***** Records provided

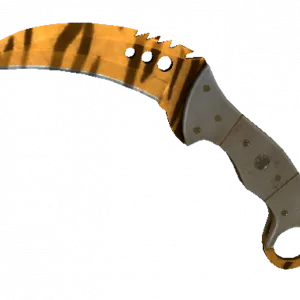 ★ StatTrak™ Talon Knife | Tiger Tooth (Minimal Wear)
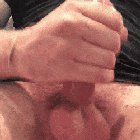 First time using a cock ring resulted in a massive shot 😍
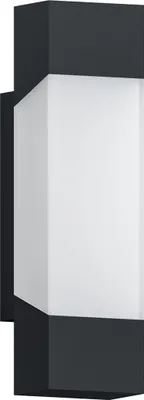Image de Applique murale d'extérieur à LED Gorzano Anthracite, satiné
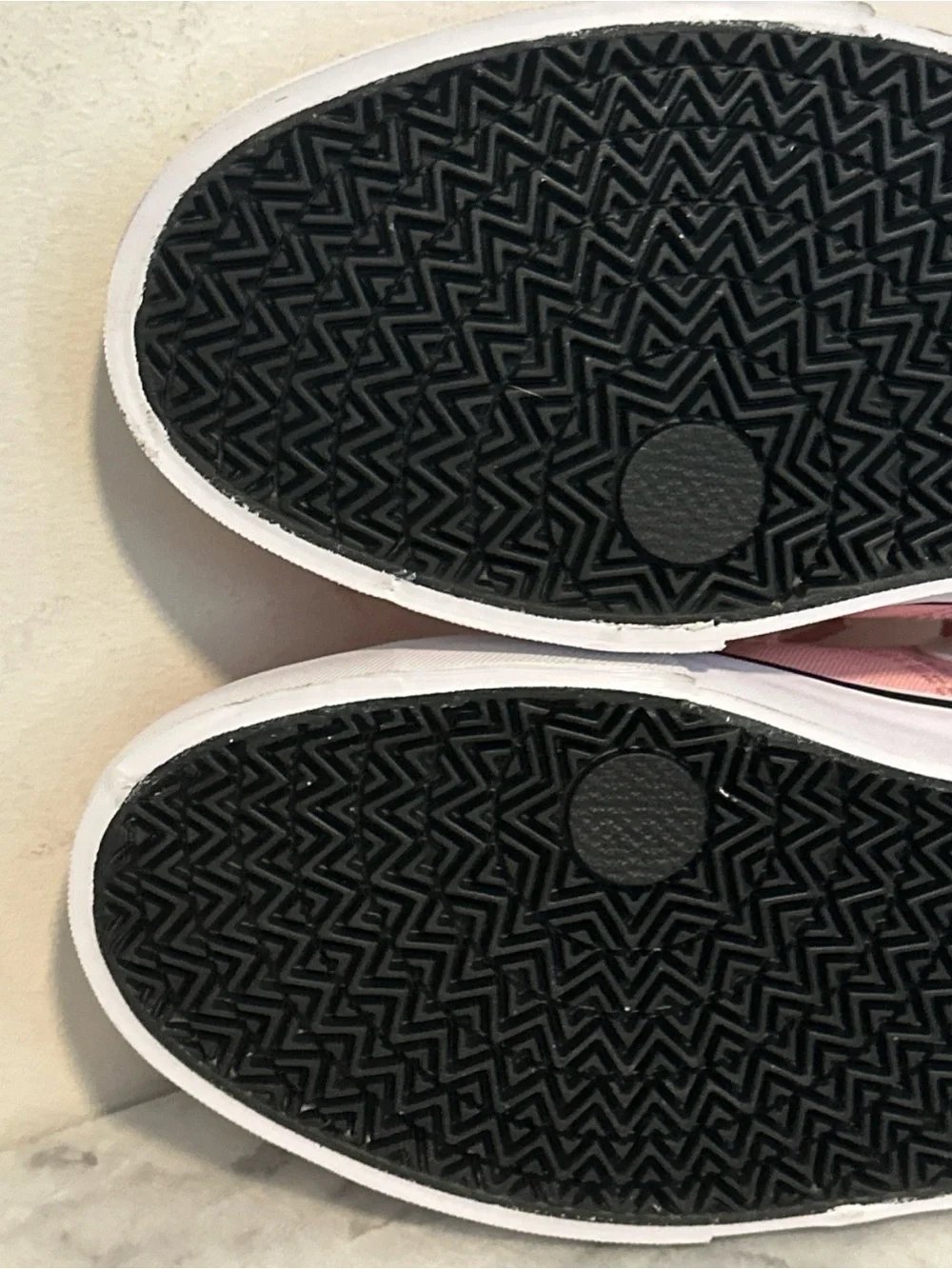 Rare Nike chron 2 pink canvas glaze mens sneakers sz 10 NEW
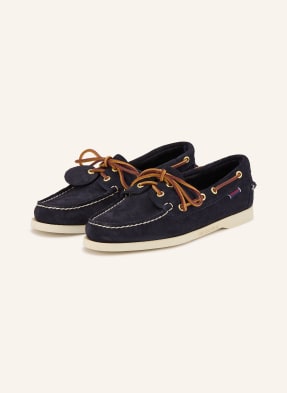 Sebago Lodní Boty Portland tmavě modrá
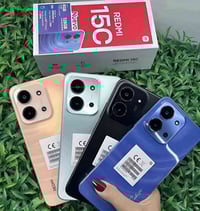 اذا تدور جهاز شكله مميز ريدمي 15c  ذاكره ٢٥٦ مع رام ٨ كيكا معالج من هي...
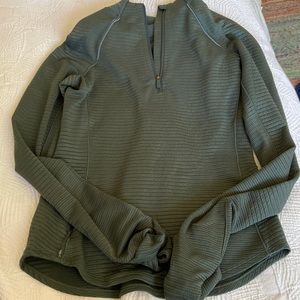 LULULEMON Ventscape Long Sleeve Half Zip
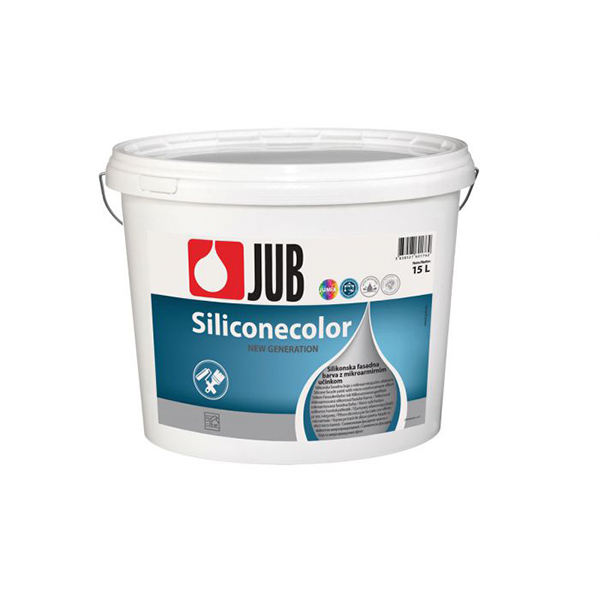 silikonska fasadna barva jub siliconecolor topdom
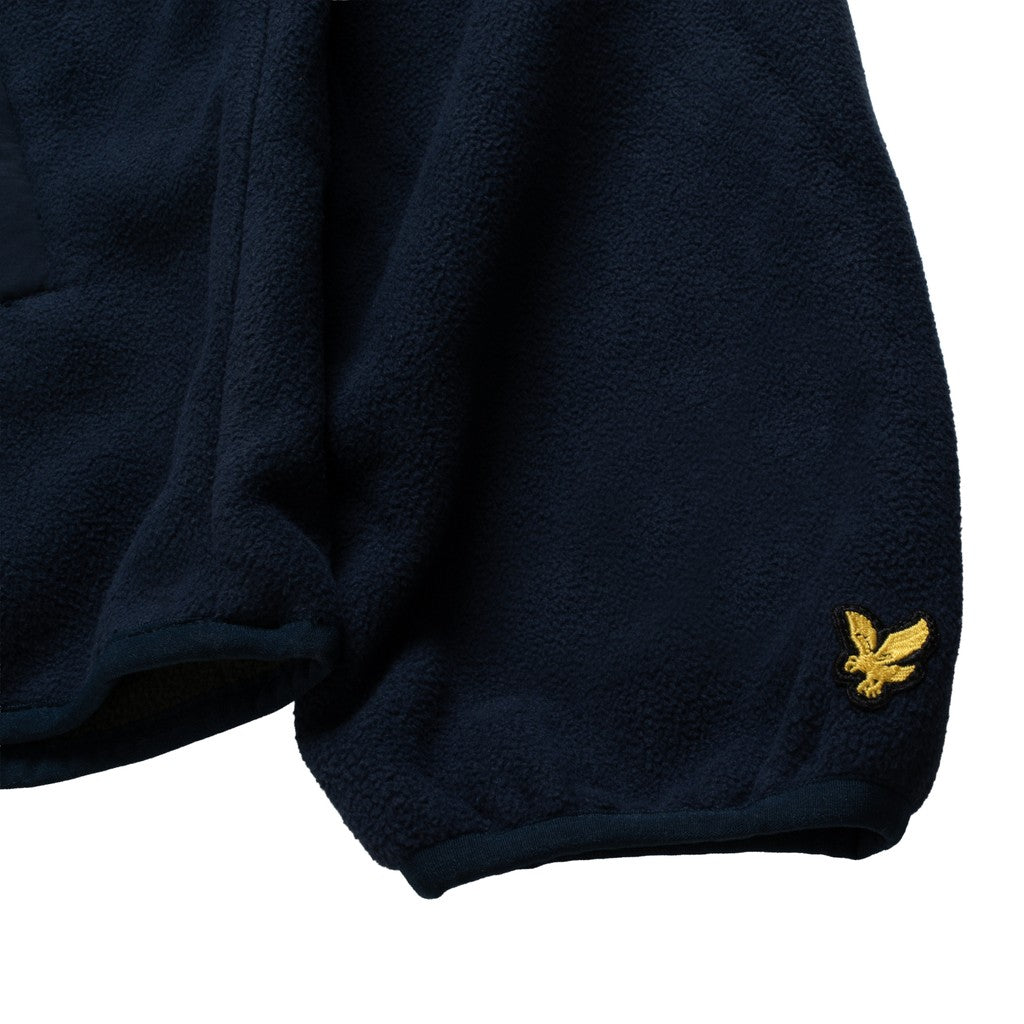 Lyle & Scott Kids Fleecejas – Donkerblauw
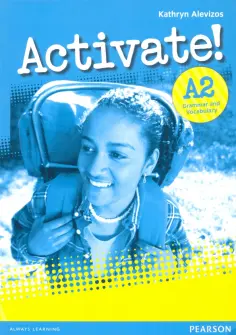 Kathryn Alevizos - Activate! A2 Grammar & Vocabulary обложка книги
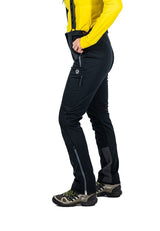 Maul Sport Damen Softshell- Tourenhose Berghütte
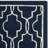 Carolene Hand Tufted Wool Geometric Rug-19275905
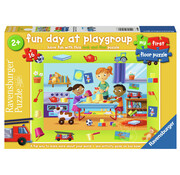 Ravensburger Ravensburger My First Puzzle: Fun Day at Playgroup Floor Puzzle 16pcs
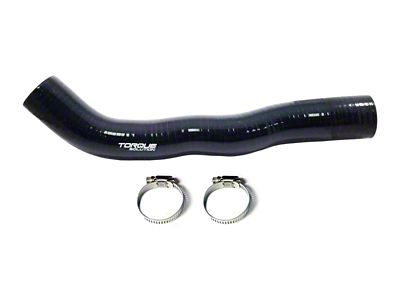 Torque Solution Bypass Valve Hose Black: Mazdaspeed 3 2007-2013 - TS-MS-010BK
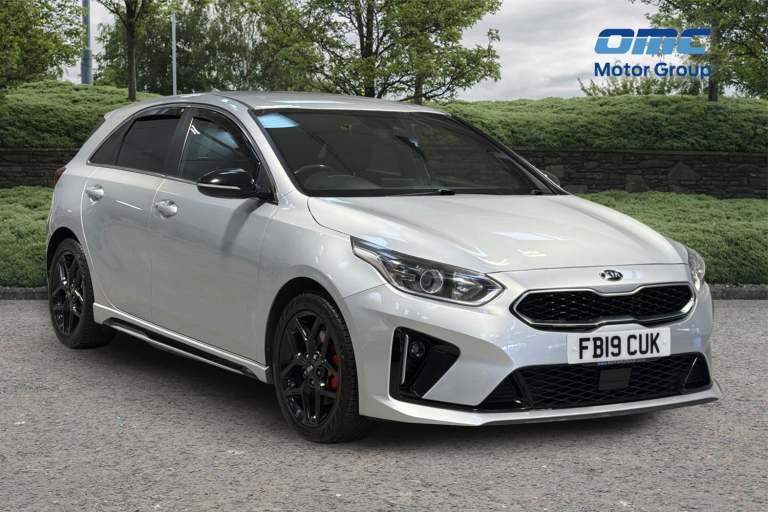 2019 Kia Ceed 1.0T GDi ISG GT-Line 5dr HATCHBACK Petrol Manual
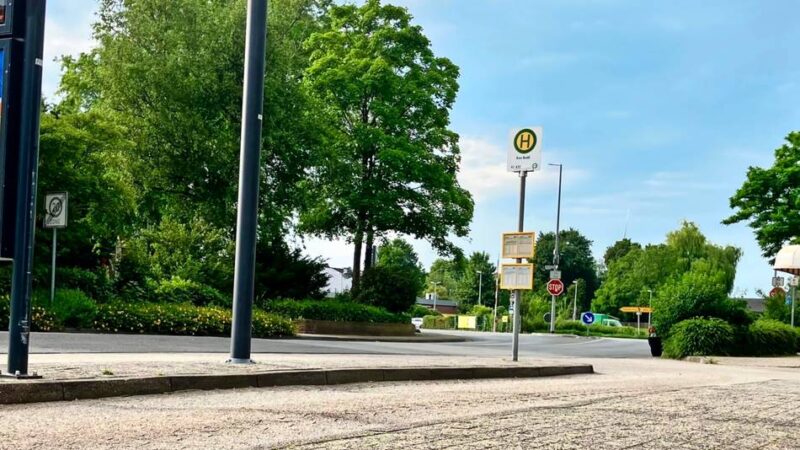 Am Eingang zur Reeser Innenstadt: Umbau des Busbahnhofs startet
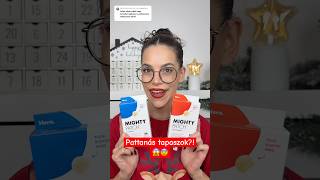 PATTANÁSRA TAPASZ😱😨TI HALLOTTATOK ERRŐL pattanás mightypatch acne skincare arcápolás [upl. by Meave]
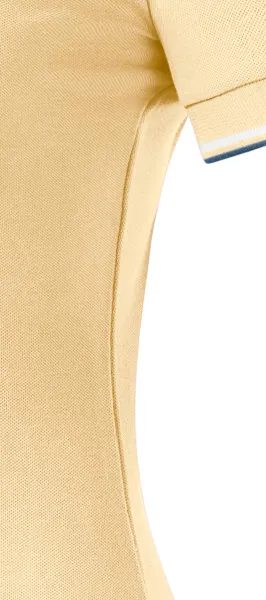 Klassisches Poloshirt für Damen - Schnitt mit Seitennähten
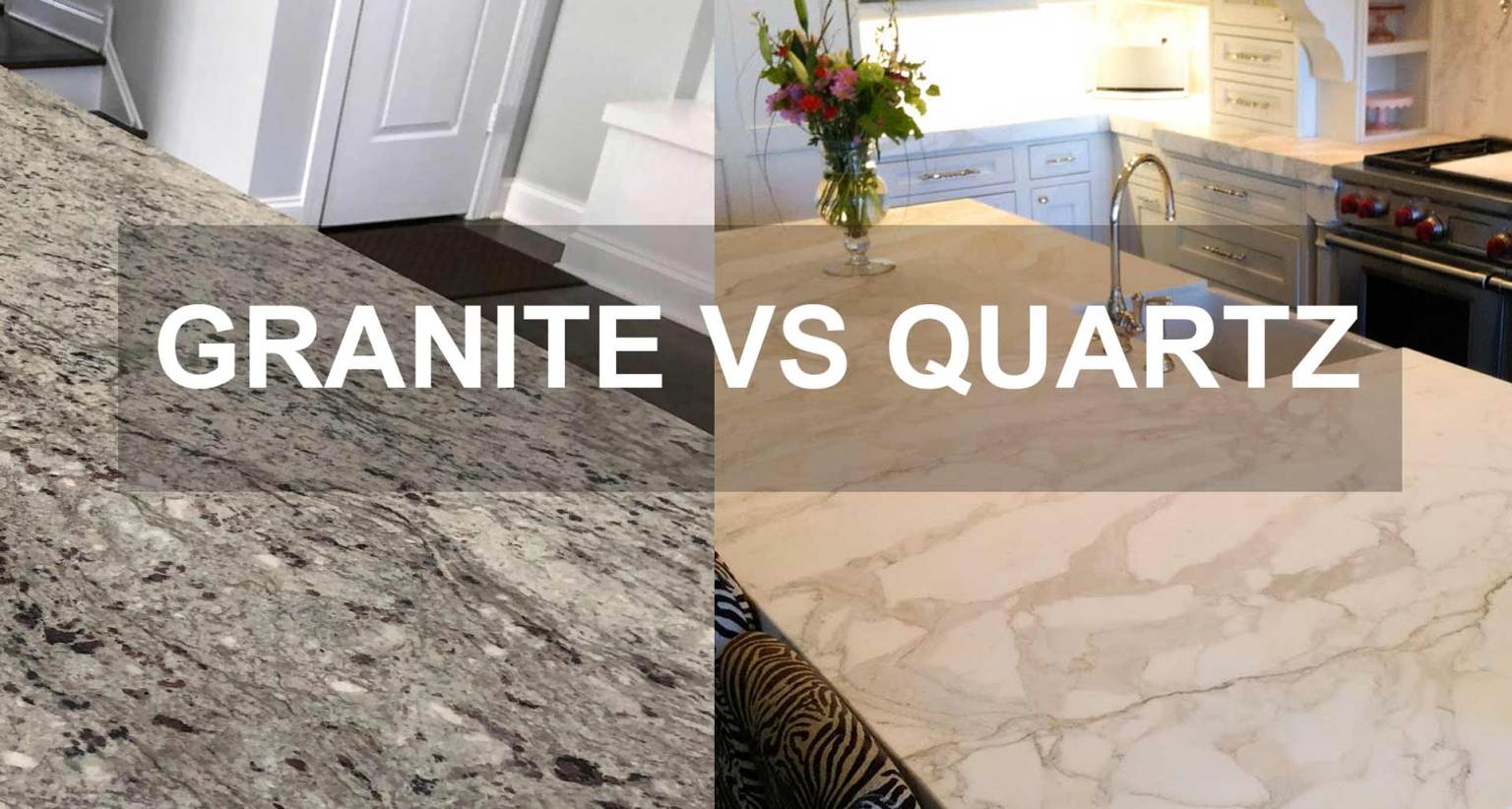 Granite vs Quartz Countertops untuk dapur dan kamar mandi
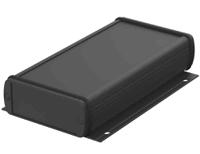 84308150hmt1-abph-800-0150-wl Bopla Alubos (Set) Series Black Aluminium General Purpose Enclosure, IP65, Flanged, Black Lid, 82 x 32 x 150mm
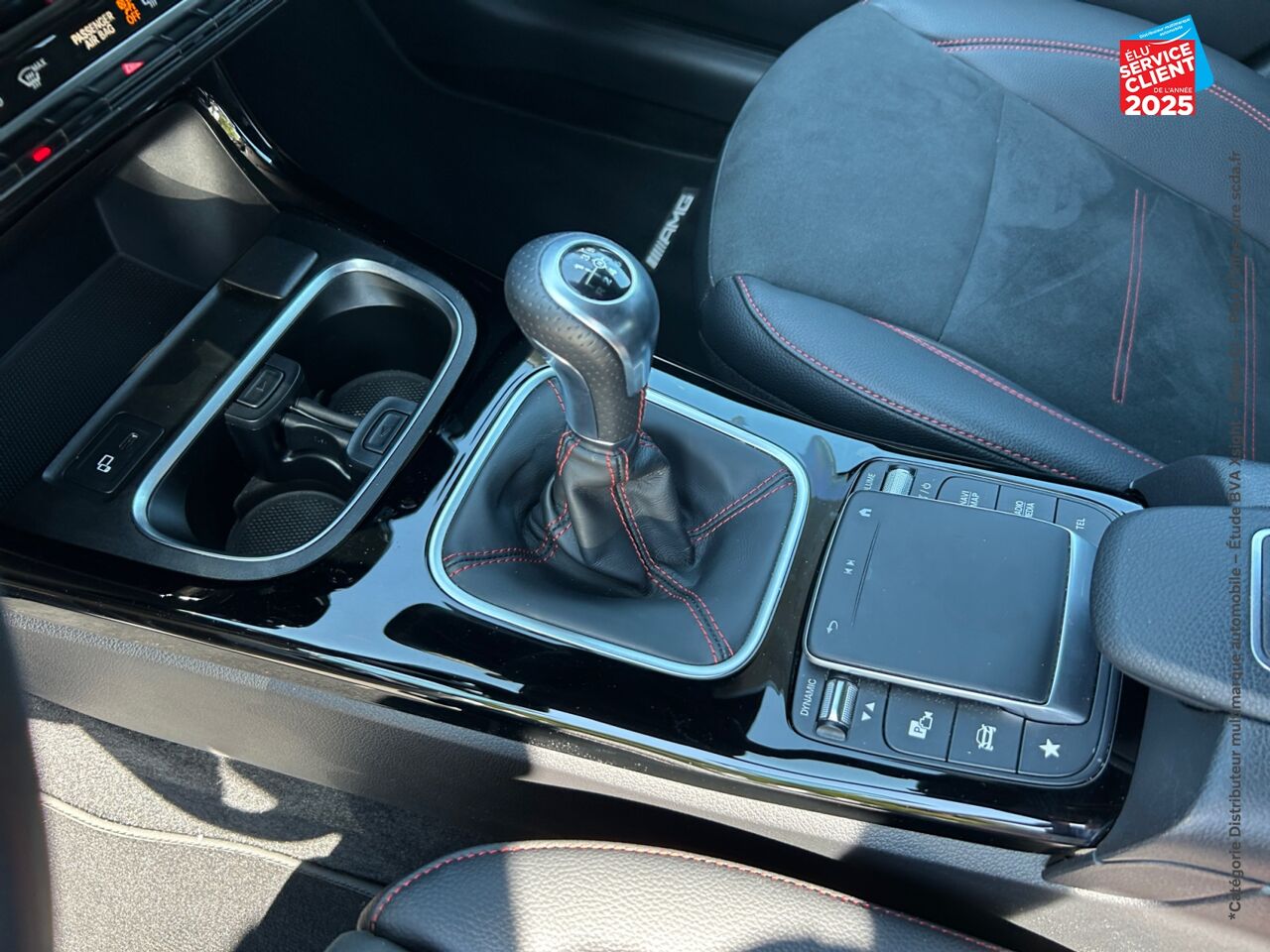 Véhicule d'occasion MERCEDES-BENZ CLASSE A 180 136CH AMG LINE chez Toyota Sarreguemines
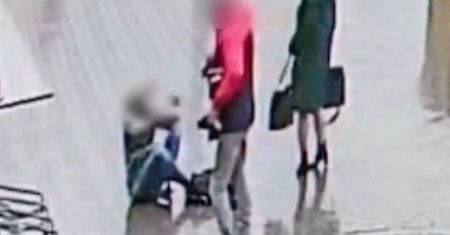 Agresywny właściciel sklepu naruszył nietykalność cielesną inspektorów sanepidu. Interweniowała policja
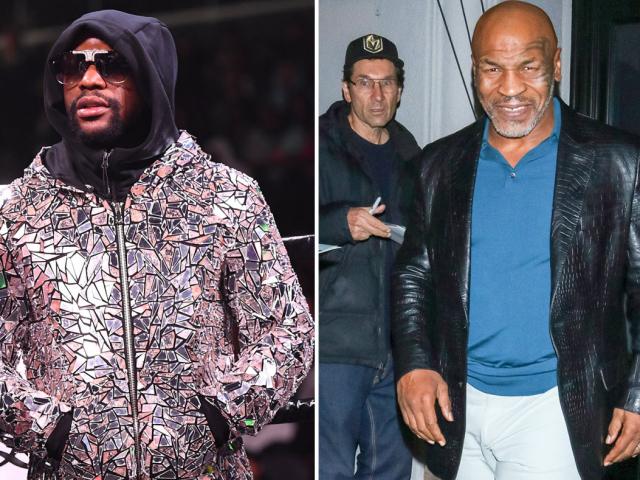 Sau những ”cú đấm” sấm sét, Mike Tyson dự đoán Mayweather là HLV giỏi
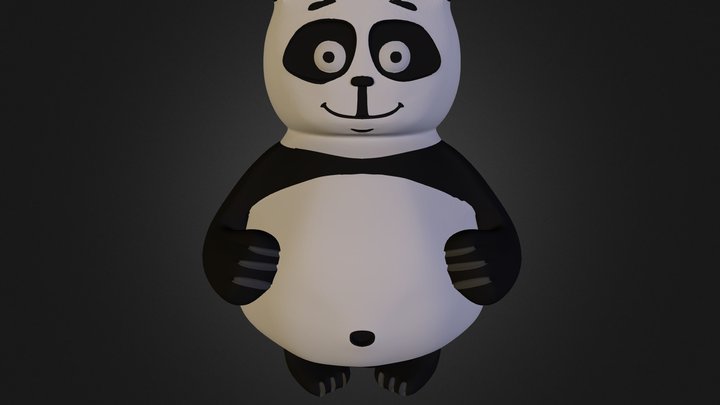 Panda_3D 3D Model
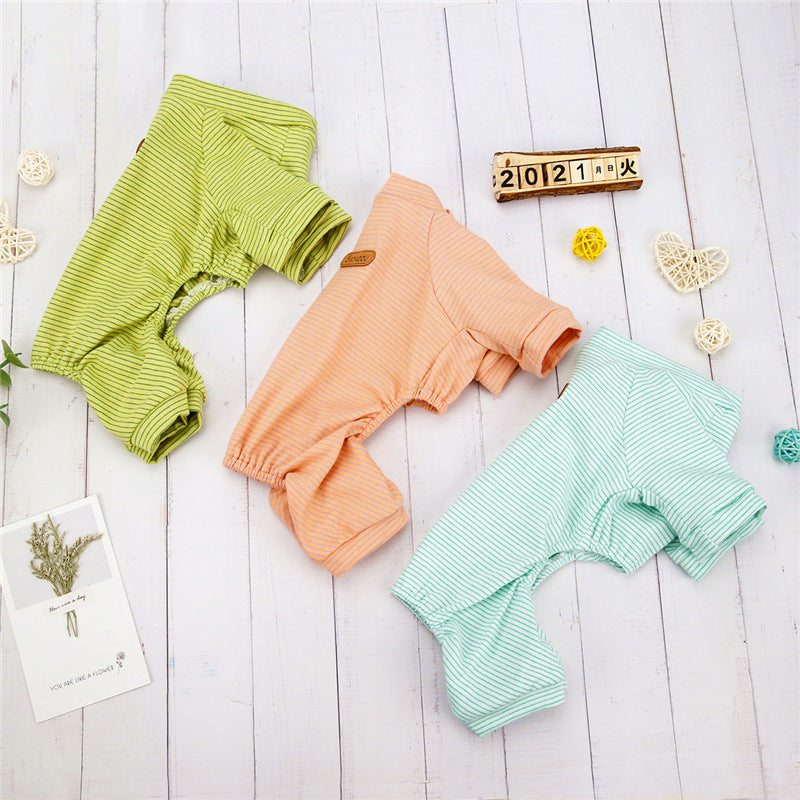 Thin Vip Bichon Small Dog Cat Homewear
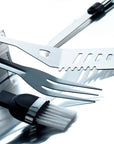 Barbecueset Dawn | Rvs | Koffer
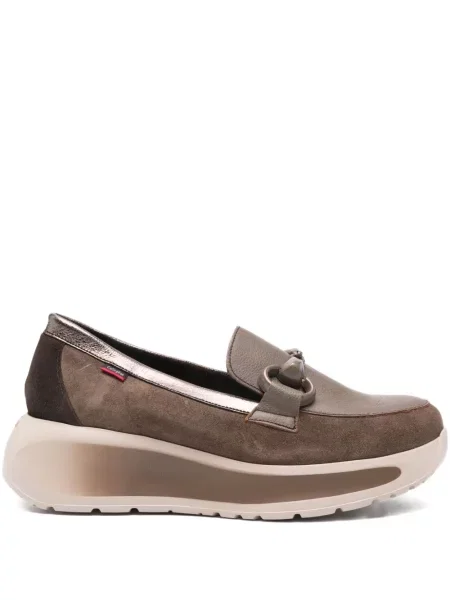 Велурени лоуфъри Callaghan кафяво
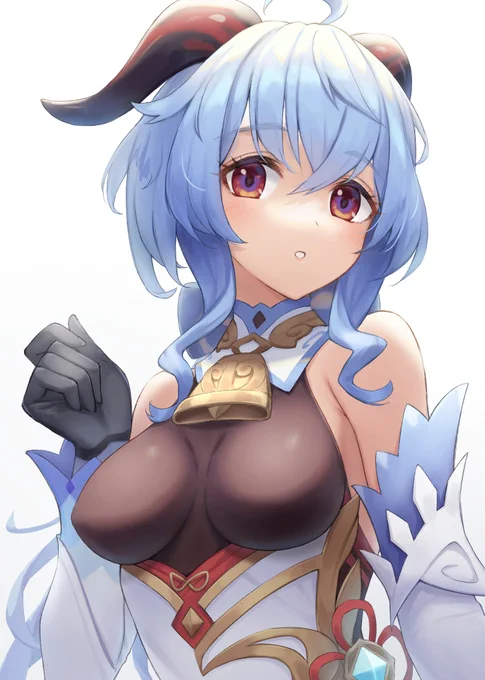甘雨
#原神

**********

#### [Aim of the exercise]
Please restate each entry exactly, but drop any picture it holds.

#### [Response box]
 ★ StatTrak™ Talon Knife | Tiger Tooth (Minimal Wear)
 First time using a cock ring resulted in a massive shot 😍
Image de Applique murale d'extérieur à LED Gorzano Anthracite, satiné
 Rare Nike chron 2 pink canvas glaze mens sneakers sz 10 NEW
 Sebago Lodní Boty Portland tmavě modrá
 اذا تدور جهاز شكله مميز ريدمي 15c  ذاكره ٢٥٦ مع رام ٨ كيكا معالج من هي...
 LULULEMON Ventscape Long Sleeve Half Zip
 silikonska fasadna barva jub siliconecolor topdom
 Lyle & Scott Kids Fleecejas – Donkerblauw
 Kathryn Alevizos - Activate! A2 Grammar & Vocabulary обложка книги
 Maul Sport Damen Softshell- Tourenhose Berghütte
 Carolene Hand Tufted Wool Geometric Rug-19275905
 Ravensburger Ravensburger My First Puzzle: Fun Day at Playgroup Floor Puzzle 16pcs
 Torque Solution Bypass Valve Hose Black: Mazdaspeed 3 2007-2013 - TS-MS-010BK
 2019 Kia Ceed 1.0T GDi ISG GT-Line 5dr HATCHBACK Petrol Manual
 Am Eingang zur Reeser Innenstadt: Umbau des Busbahnhofs startet
 PATTANÁSRA TAPASZ😱😨TI HALLOTTATOK ERRŐL pattanás mightypatch acne skincare arcápolás [upl. by Meave]
 Klassisches Poloshirt für Damen - Schnitt mit Seitennähten
 Granite vs Quartz Countertops untuk dapur dan kamar mandi
 84308150hmt1-abph-800-0150-wl Bopla Alubos (Set) Series Black Aluminium General Purpose Enclosure, IP65, Flanged, Black Lid, 82 x 32 x 150mm
 Véhicule d'occasion MERCEDES-BENZ CLASSE A 180 136CH AMG LINE chez Toyota Sarreguemines
 Agresywny właściciel sklepu naruszył nietykalność cielesną inspektorów sanepidu. Interweniowała policja
 Sau những ”cú đấm” sấm sét, Mike Tyson dự đoán Mayweather là HLV giỏi
 Panda_3D 3D Model
 Thin Vip Bichon Small Dog Cat Homewear
 Barbecueset Dawn | Rvs | Koffer
 Велурени лоуфъри Callaghan кафяво
甘雨
#原神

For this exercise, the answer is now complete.